A single LED is a low-voltage solid-state device and cannot be directly operated on AC power without circuitry to control the current flow through the lamp. In principle a series diode and resistor could be used to limit the current and to control its direction, but this would be very inefficient since most of the applied power would be dissipated by the resistor. A series string of LEDs would minimize dropped-voltage losses, but one LED failure would extinguish the whole string. Paralleled strings increase reliability by providing redundancy. In practice, three or more strings are usually used. To be useful for illumination, a number of LEDs must be placed close together in a lamp to combine their illuminating effects.
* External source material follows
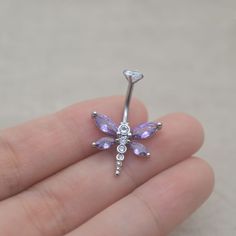 a person is holding a tiny purple dragon belly ring with clear crystals on the side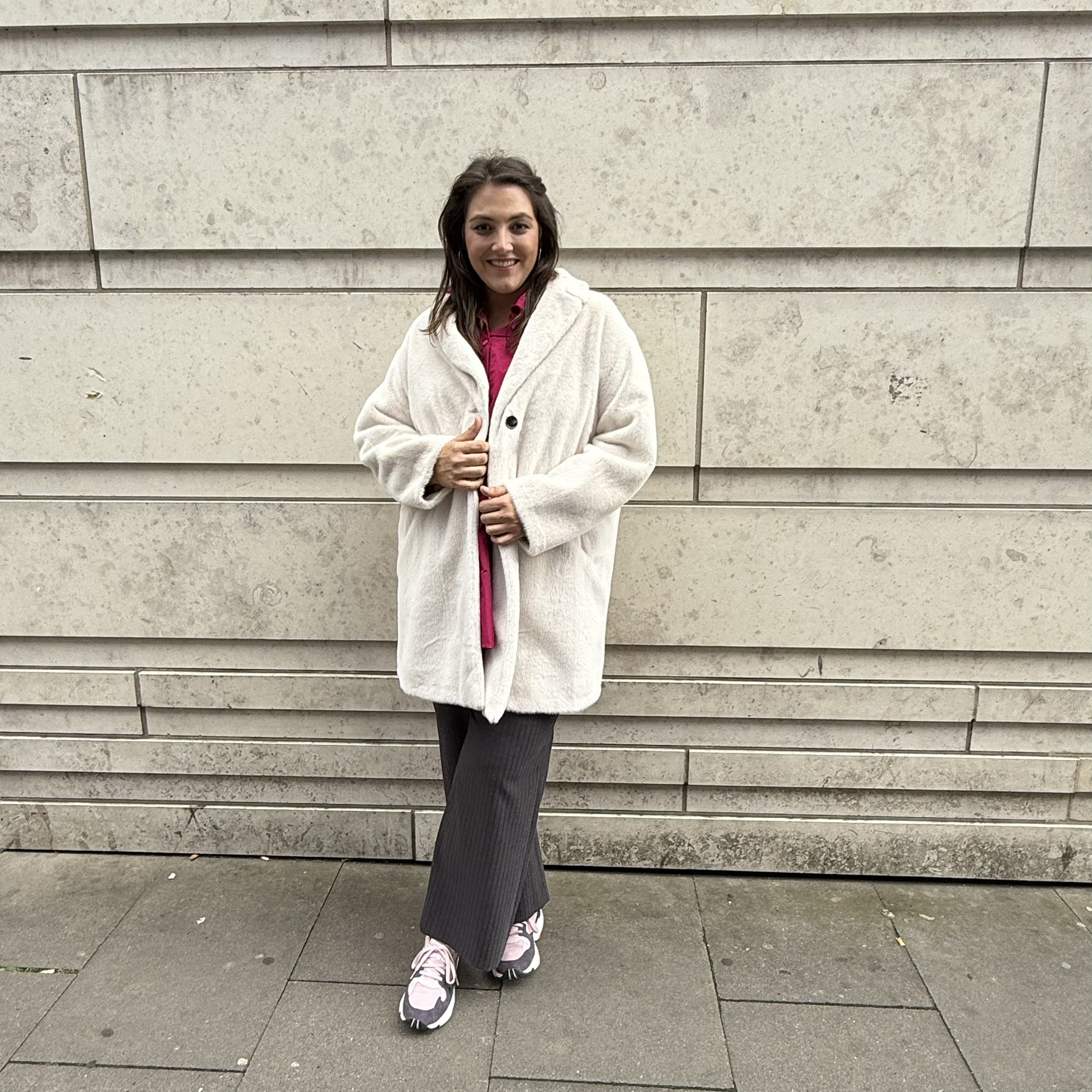 Frau trägt eleganten Mantel in Creme und weite Stoffhose vor einer Steinwand in Hannover, dezente Damenmode in großen Größen mit Stil.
As of 2012, white LED assemblies emitting 10,000 lm are available. When using the colour-mixing method, a uniform colour distribution can be difficult to achieve, while the arrangement of white LEDs is not critical for colour balance. Further, degradation of different LEDs at various times in a colour-mixed lamp can lead to an uneven colour output. LED lamps usually consist of clusters of LEDs in a housing with driver electronics, a heat sink, and optics.

Comparison to Other Technologies

  • Incandescent lamps (light bulbs) generate light by passing electric current through a resistive filament, thereby heating the filament to a very high temperature so that it glows and emits visible light over a broad range of wavelengths. Incandescent sources yield a “warm” yellow or white colour quality depending on the filament operating temperature. Incandescent lamps emit 98% of the energy input as heat.  A 100 W light bulb for 120 V operation emits about 1,180 lumens,[16] about 11.8 lumens/W; for 230 V bulbs the figures are 1340 lm and 13.4 lm/W.[17] Incandescent lamps are relatively inexpensive to make. The typical life span of an AC incandescent lamp is 750 to 1,000 hours.  They work well with dimmers. Most older light fixtures are designed for the size and shape of these traditional bulbs. In the U.S. the regular sockets are E26 and E11, like E27 and E14 in some European countries.
  • Compact fluorescent lamps life span may vary from 6,000 hours to 15,000 hours.
  • Fluorescent lamps work by passing electricity through mercury vapour, which in turn emits ultraviolet light. The ultraviolet light is then absorbed by a phosphor coating inside the lamp, causing it to glow, or fluoresce. Conventional linear fluorescent lamps have life spans around 20,000 and 30,000 hours based on 3 hours per cycle according to lamps NLPIP reviewed in 2006. Induction fluorescent relies on electromagnetism rather than the cathodes used to start conventional linear fluorescent. The newer rare earth triphosphor blend linear fluorescent lamps made by Osram, Philips, Crompton and others have a life expectancy greater than 40,000 hours, if coupled with a warm-start electronic ballast. The life expectancy depends on the number of on/off cycles, and is lower if the light is cycled often. The ballast-lamp combined system efficacy for then current linear fluorescent systems in 1998 as tested by NLPIP ranged from 80 to 90 lm/W.[20] For comparison, general household LED bulbs available in 2011 emit 64 lumens/W,[21] with the best LED bulbs coming in at about 100 lumens/W.